Saturday, November 24, 2012
From Print Edition
LONDON: Britain’s House of Lords member Lord Gilbert on Friday stunned peers by suggesting that a neutron bomb could be used to create a “cordon sanitaire” in troubled border regions such as the one between Afghanistan and Pakistan.
According to media reports, the member of the upper house of the UK’s parliament said, during a debate over eliminating nukes across the world, that the borders could be made safe after dropping ERRB warheads commonly known as neutron bombs in the respective areas.

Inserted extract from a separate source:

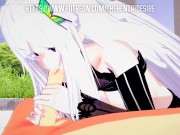 Preview 1 of DREAMLIKE TIME WITH ECHIDNA ✨ RE:ZERO HENTAI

“Your Lordships may say that this is impractical, but nobody lives up in the mountains on the border between Afghanistan and Pakistan except for a few goats and a handful of people herding them. If you told them that some ERRB warheads were going to be dropped there and that it would be a very unpleasant place to go, they would not go there. You would greatly reduce your problem of protecting those borders from infiltration from one side or another.” According to reports, the members of the House of Lords were shocked after listening to an unexpected speech from Gilbert.
The parliament members heavily criticized Gilbert and rejected his suggestion saying that it was not possible to drop a bomb in the Pak-Afghan border areas.Labour former defence secretary Lord Browne of Ladyton rounded on Lord Gilbert over his remarks, accusing him of being at his “most challenging and contrarian”.
Cabinet Office spokesman Lord Wallace of Saltaire said the Government did not share Lord Gilbert’s “rumbustious” views on the sensitive issue. “The UK retains a firm commitment to the long-term goal of a world without nuclear weapons,” he said.
“Our aim is to build an international environment in which no state feels the need to possess nuclear weapons – an environment that will allow nuclear states to disarm in a balanced and verifiable manner.”